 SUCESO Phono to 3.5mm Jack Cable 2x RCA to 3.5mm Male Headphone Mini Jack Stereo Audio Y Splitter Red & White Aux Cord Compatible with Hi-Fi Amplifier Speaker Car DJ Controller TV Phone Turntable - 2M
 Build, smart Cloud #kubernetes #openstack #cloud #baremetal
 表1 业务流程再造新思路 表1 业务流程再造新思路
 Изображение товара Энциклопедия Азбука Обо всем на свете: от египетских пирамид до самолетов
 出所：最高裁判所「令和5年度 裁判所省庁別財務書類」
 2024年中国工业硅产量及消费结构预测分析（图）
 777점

Task objective → Each entry shown above should be transcribed exactly as written.

Response box →
 SUCESO Phono to 3.5mm Jack Cable 2x RCA to 3.5mm Male Headphone Mini Jack Stereo Audio Y Splitter Red & White Aux Cord Compatible with Hi-Fi Amplifier Speaker Car DJ Controller TV Phone Turntable - 2M
 Build, smart Cloud #kubernetes #openstack #cloud #baremetal
 表1 业务流程再造新思路 表1 业务流程再造新思路
 Изображение товара Энциклопедия Азбука Обо всем на свете: от египетских пирамид до самолетов
 出所：最高裁判所「令和5年度 裁判所省庁別財務書類」
 2024年中国工业硅产量及消费结构预测分析（图）
 777점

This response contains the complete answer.